You work in Jakarta, and not by choice: that’s where you are assigned. Then you have a couple of guests coming to visit you – from France perhaps, or Japan, or Canada. Now immediately the problem of what to do with them raises its ominous head. What is there for visitors to see and do in Jakarta?
Answer: not much. It’s a business city, the seat of Government. The old buildings in Kota along Jalan Lada (‘Pepper Street’) might be interesting for a Dutch student of history but getting there through Jakarta traffic will kill the spirit.
So where to take them? Answer: only two places are truly worth the effort for visitors.
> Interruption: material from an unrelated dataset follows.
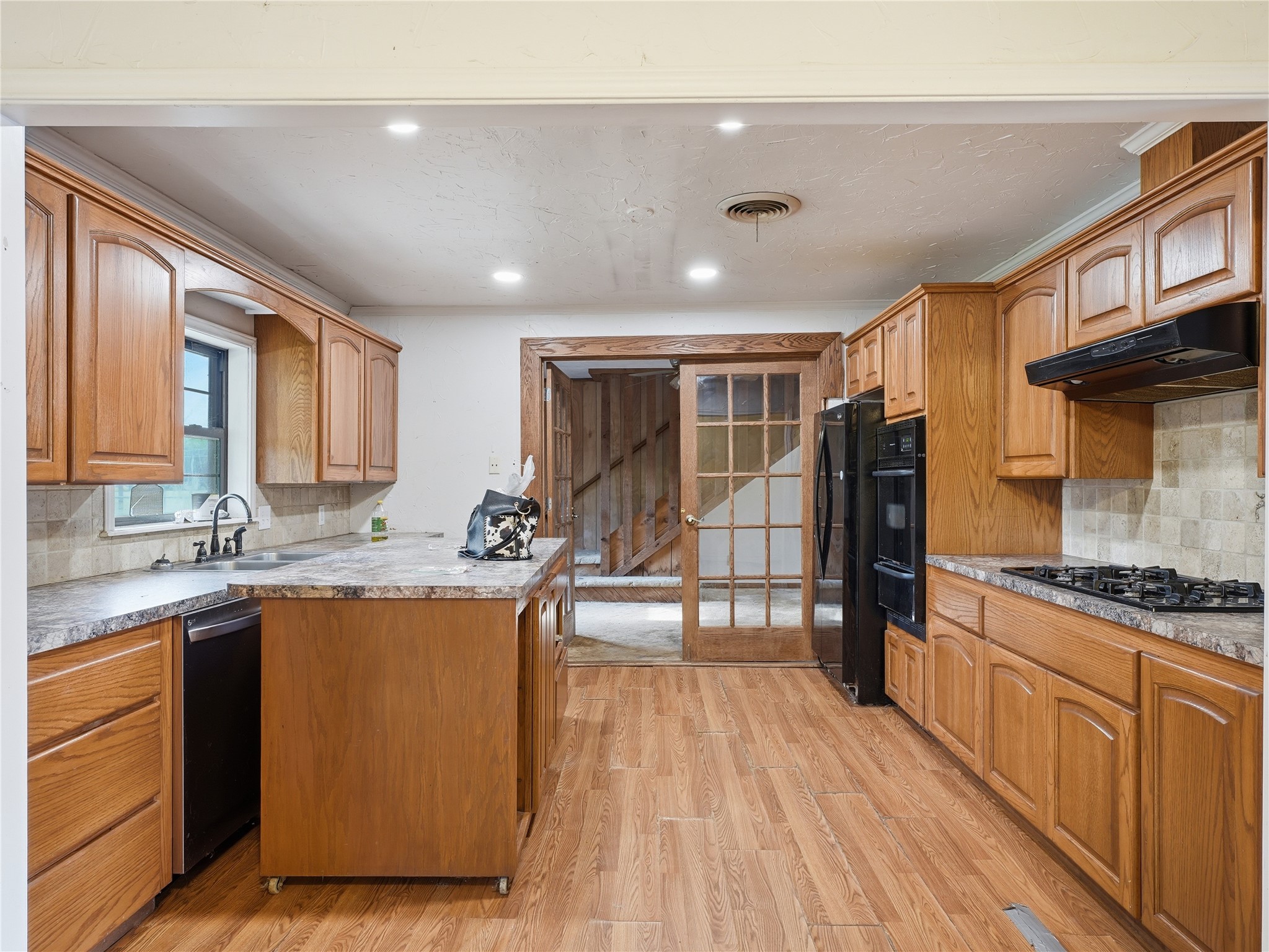 511 N Clay Street Henrietta TX 76365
First is Sunda Kelapa. The sight of scores of classically-designed wooden ships awaiting departure for the Celebes is a photographer’s delight, and rich in history. Anyone who appreciates the romance of the seas and boating sport will be thrilled with the sights. If you are lucky you might even strike up a conversation with a sailor headed out over the Java Sea.This is where the Hindu kingdoms traded with Dutch marine adventurers some five hundred years ago.
The other – and even Indonesians do not really appreciate it – is Ragunan Zoo, the finest animal park in Asia. (That’s not saying much as the zoos in Bangkok, Tokyo and Manila are pretty horrible, and Singapore is just too pretty and expensive).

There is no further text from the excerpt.